(Stored items from a collection)
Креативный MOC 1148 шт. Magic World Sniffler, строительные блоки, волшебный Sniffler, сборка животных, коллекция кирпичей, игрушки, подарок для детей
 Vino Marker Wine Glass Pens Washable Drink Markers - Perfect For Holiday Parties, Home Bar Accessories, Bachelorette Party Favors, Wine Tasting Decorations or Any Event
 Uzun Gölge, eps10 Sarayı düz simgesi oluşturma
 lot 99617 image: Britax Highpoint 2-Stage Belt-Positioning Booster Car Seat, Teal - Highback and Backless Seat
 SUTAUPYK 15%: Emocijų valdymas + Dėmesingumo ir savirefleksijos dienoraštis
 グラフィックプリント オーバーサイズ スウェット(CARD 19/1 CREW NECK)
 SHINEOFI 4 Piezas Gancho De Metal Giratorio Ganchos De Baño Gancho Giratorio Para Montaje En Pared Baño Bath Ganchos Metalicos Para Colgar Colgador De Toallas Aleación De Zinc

**Task description:**
Each record must be restated word for word, including the last line.

**Written response:**
Креативный MOC 1148 шт. Magic World Sniffler, строительные блоки, волшебный Sniffler, сборка животных, коллекция кирпичей, игрушки, подарок для детей
 Vino Marker Wine Glass Pens Washable Drink Markers - Perfect For Holiday Parties, Home Bar Accessories, Bachelorette Party Favors, Wine Tasting Decorations or Any Event
 Uzun Gölge, eps10 Sarayı düz simgesi oluşturma
 lot 99617 image: Britax Highpoint 2-Stage Belt-Positioning Booster Car Seat, Teal - Highback and Backless Seat
 SUTAUPYK 15%: Emocijų valdymas + Dėmesingumo ir savirefleksijos dienoraštis
 グラフィックプリント オーバーサイズ スウェット(CARD 19/1 CREW NECK)
 SHINEOFI 4 Piezas Gancho De Metal Giratorio Ganchos De Baño Gancho Giratorio Para Montaje En Pared Baño Bath Ganchos Metalicos Para Colgar Colgador De Toallas Aleación De Zinc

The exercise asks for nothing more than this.